Was wir nicht wussten: Wir hatten nur für die Rückfahrt aus den Ferien geübt. Der Mittagszug nach Paris fuhr nicht, also blieben wir länger in Blois. Im Hintergrund skandierten die Demonstranten ihre Parolen, die Jungs spielten nochmal Fußball im Schlosspark, ich las Zeitung und tat damit, was Dolmetscher auch im Urlaub machen: sich fortbilden. Am nächsten Morgen ging's nach Paris und abends dann erstmal nicht weiter. So wurde jeder Streckenabschnitt zur Tagesreise.

Zum Glück kenne ich mich in Paris aus und die Interessen meiner kindlichen Rei­se­be­glei­tung passten perfekt zum Kiez des Ankunftsbahnhofs: Dinos ansehen, im Botanischen Garten (jardin des plantes) picknicken und toben, Imbiss im salon de thé der Pariser Moschee einnehmen (Junior fasziniert Exotisches), dann in der Arena von Lutetia spielen, Paris' ältestem Bauwerk...

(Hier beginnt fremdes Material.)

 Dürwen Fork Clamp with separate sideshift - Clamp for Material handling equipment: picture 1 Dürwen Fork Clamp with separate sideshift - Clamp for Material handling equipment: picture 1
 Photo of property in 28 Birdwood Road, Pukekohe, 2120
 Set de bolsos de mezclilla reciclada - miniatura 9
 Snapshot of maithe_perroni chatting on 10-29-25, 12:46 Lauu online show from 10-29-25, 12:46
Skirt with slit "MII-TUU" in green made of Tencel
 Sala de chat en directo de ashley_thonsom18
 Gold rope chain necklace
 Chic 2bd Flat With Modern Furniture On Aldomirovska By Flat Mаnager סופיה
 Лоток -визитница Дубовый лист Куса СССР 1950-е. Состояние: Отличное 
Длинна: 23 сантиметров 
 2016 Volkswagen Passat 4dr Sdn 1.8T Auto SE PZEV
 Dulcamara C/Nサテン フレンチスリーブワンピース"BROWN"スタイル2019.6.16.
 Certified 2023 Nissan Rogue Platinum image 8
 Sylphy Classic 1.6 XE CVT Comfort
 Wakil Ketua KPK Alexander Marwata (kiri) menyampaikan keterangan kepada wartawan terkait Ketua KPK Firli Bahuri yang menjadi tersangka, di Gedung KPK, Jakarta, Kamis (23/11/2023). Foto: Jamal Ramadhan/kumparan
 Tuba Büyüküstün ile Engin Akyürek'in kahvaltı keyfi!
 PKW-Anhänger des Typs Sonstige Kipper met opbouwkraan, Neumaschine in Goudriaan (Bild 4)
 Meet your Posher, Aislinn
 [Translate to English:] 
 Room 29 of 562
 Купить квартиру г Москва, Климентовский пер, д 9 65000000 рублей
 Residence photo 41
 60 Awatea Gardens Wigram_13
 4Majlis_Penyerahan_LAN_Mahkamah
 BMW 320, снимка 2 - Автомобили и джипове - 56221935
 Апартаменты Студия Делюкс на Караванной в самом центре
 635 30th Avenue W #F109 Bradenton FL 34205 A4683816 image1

Der Rest der Rückreise dauerte ein wunderbares Kinderbuch lang (Mörfi von An­dre­as Schlüter), dazu kamen zwei Nickerchen, etliche Gänge zum Speisewagen und Pläuschchen auf dem Gang. Wunderlich ist nur, dass die deutsche Bahn of­fen­bar von der Streiksituation völlig überrascht war und keine weiteren Wagons oder Züge bereitstellte, denn die Züge aus Paris waren übervoll.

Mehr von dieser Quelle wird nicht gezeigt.